The case originated when Ms Dauriac, managing director of Signia, following an already deteriorated relationship with the founder of Signia, resigned during a disciplinary proceeding for an expenses claim. Based on Signia’s articles of association, directors or employees are obliged to offer their shares back to the company when leaving. The price of the shares were to be determined based on whether or not they were deemed to be a “bad leaver”, in this situation, the bad leaver would get a price much lower than the market price. Ms Dauriac was deemed to be a bad leaver by the company, and her 49% shareholding in Signia was compulsorily transferred from her, at a price of £2 for all of her shares, as per Signia’s articles of association (the “articles”). This amount was low and punitive, regardless of the fact that she was deemed to be a bad leaver.


Ms Dauriac contested the fact that she was a bad leaver but argued that even if she was considered a bad leaver under the company’s articles she claimed that the difference in price between a bad and a good leaver constituted a penalty, and therefore the provision was not enforceable.

Under English law, a penalty is a secondary obligation which, in case of a contractual breach of a primary obligation, imposes a disadvantage to the contract breaker that is out of proportion to any legitimate interest of the other party, and is therefore unenforceable (Cavendish Square Holdings B.V. v El Makdessi [2015]) (“Cavendish v Makdesi”).

The court found that Ms Dauriac was a leaver due to her own resignation and indeed a bad one, according to the company’s articles, however, they held that the penalty doctrine did not apply to this case, and that even if it did, the bad leaver provisions were not considered a penalty. This was because the enforcement of these provisions was due to the company’s articles and not a breach of a primary contractual duty. Ms Dauriac was therefore awarded by the Court an amount of  £750.000 for the price of all her shares. The court determining that in the situation this was a fair value valuation, albeit still far below their market price.

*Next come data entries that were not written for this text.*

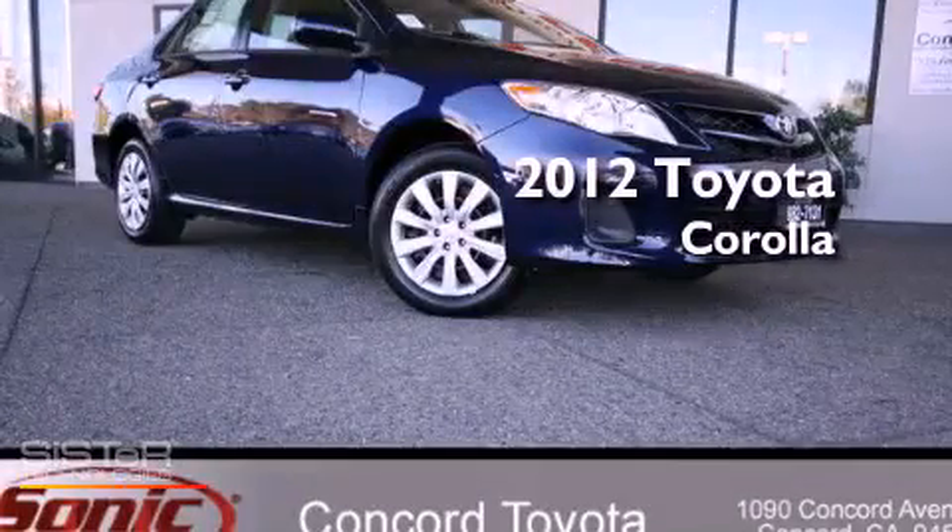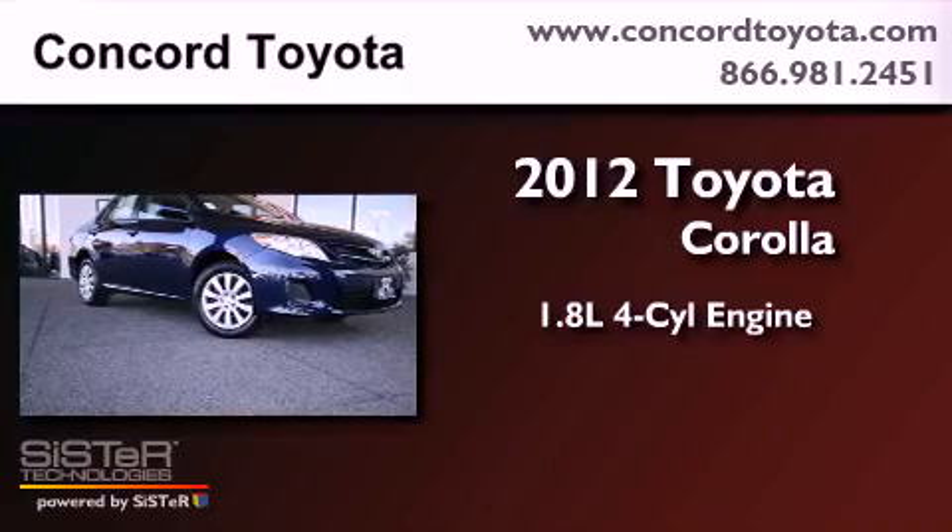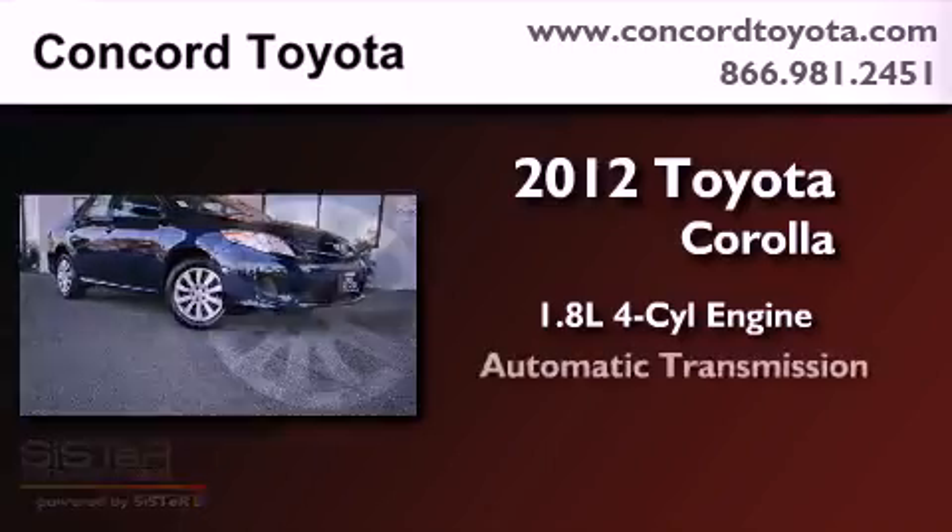This is a brand new 2012 Toyota Corolla. It features a 1.8-liter four-cylinder engine and an automatic transmission.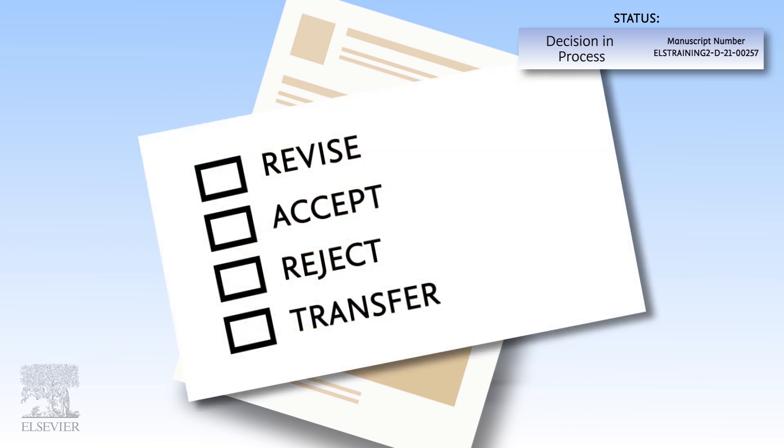There are four possible decision options for the editor. Revise: the editor has requested that you revise the submission; you will find the details of changes required and the deadline for your revision in the decision letter. Accept or Reject: the submission process has completed with either an accept or reject decision. In the case of an accept decision, the manuscript will begin its production process and you will receive further information. Transfer: the editor has recommended the submission be transferred to another journal via the automatic article transfer service, and you are offered a transfer. We will await your response before proceeding.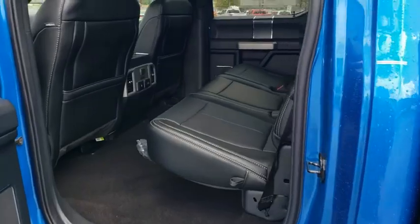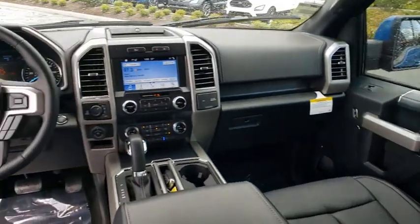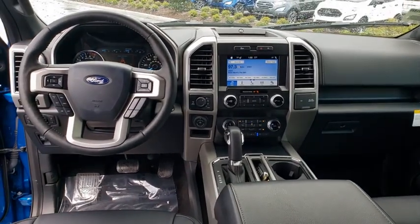Four wheel disc brakes, auto dimming rear view mirror, floor mat, four wheel drive, keyless start, aluminum wheels. Come see the car for yourself.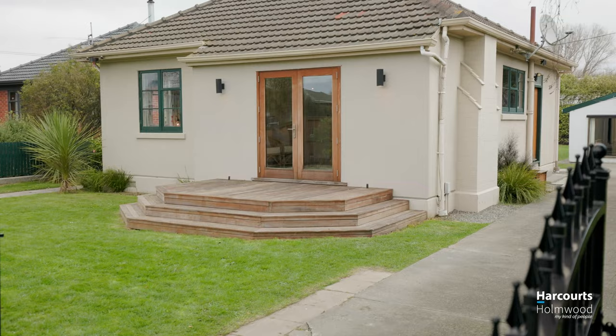This cute and compact 2 bedroom home sits on a generous fully fenced section with a bonus studio. Let's go and take a look around.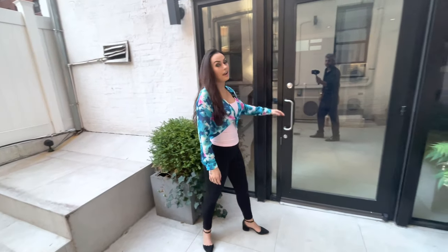Hi everyone, my name is Mariah. I work for Avenues Village. Welcome to this four bedroom, four and a half bath in the heart of Gramercy. This is the Carriage House.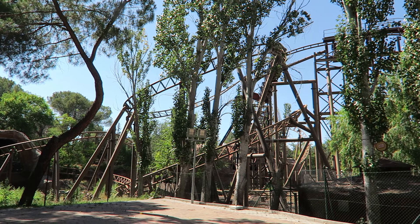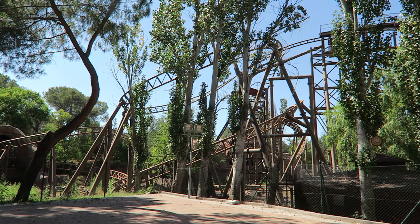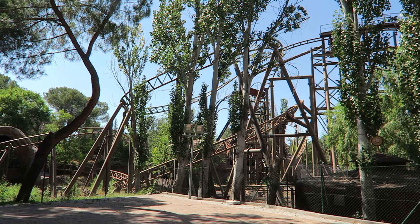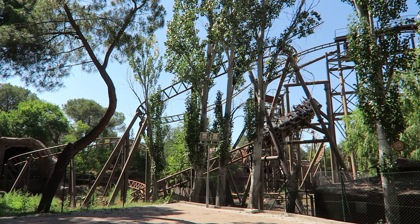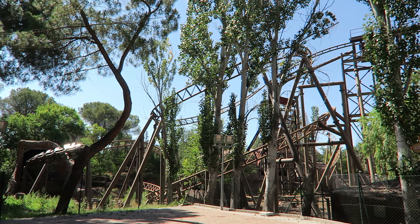TNT Trende La Mina is a Gerstlauer family coaster at Parque de Attracciones de Madrid. This ride offers a smattering of forces and some theming, making it Madrid's best family coaster. I'll explain why in this review.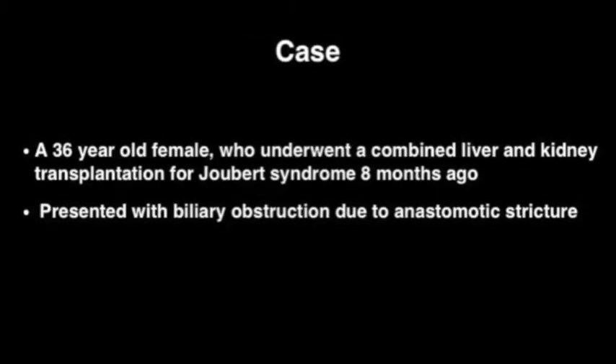A 36-year-old female who underwent a combined liver and kidney transplantation for Joubert syndrome eight months ago presented with biliary obstruction due to anastomotic stricture.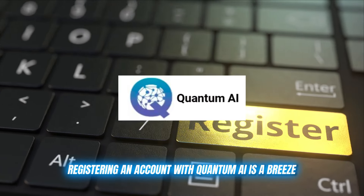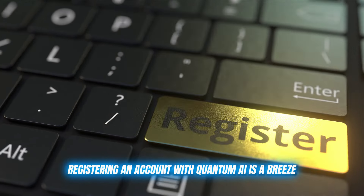Registering an account with Quantum AI is a breeze. Just head to their website, create an account by filling out details like name, email ID, and contact number — which takes about two minutes — then deposit at least 250 euros to fund your account, and you're ready to go. There are no deposit or withdrawal fees, and you have complete control over your funds at all times. They offer top notch security with advanced encryption, and you can make payments in whatever way suits you: debit, credit, crypto — the choice is yours.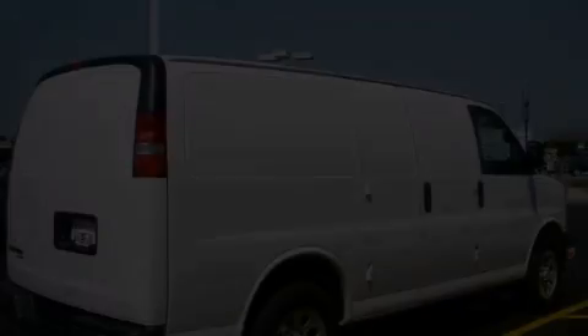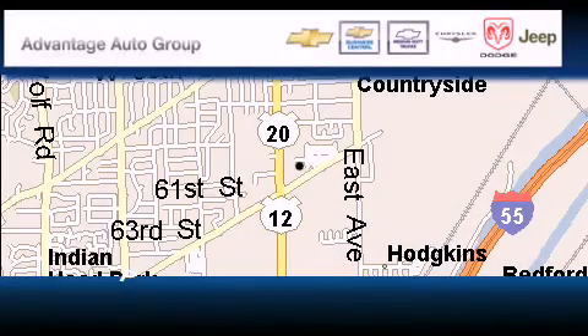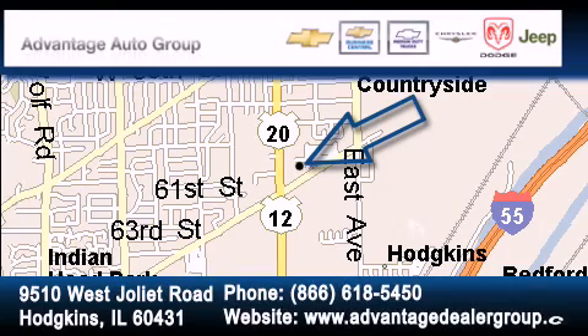Contact us today and schedule your opportunity to see this vehicle in person. Advantage Chevrolet Hodgkins is located at 9510 West Joliet Road in Hodgkins. Our goal is to exceed all of your expectations to ensure that you'll return for future visits.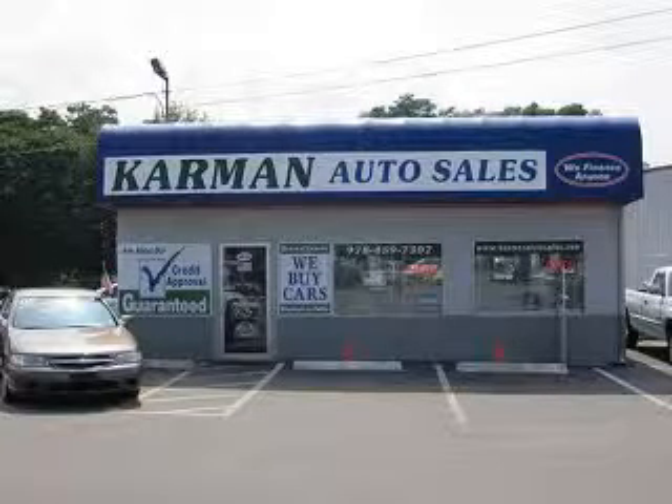Carmen Auto Sales is a family owned business serving the community for over 30 years. We offer 100% credit approval.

This case highlights the importance of well drafted leaver and compulsory transfer provisions in order to tie shareholding to people involved with the company’s business development. As well as highlighting how these types of provisions can be used as an effective tool to retain staff, as “bad leavers” are forced to sell their shares at a reduced price. Moreover, this case also alleviates concerns of commentators on the enforceability of bad leaver provisions, especially since the judgement in Cavendish v Makdesi.